You have to do the calculation to come up with the size to rip your board to and the number your going to add to all dimensions. My 1.754 is from the shoulder of the molding to the tip of the Miter x2 - a 32nd. Ok so now swivel the saw to the right 45 Degree . 

Take your pieces one at a time and clip them on the front of the board you ripped and secured and push them gently until tip of Miter hits the stop. Cut Away, now you most likely are going to have some small pieces like the one in my picture. Cutting these trapped between the blade and the stop is NO GOOD. 

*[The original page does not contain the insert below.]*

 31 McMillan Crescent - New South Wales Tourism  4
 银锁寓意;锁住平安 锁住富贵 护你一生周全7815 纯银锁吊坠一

So for these clip them on your board push tip of miter to stop and with a .05 Mechanical Pencil or a very sharp pencil if you don't like the Mechanical ones and mark next to the miter by the stop. Now remove stop or in my case send it away by typing in my favorite number 69. Now set your molding to that mark you just made and cut. After cutting all your pieces they slip right into panel with ease. 

This is a Production Method for speed and Accuracy. With that said remember to make sure each piece is seated squarely and against stop or line and your hands are clear of blade with every cut.make sure the board you use is thick enough to except the particular molding you are using and bottoms out and seats properly in this case 3/4".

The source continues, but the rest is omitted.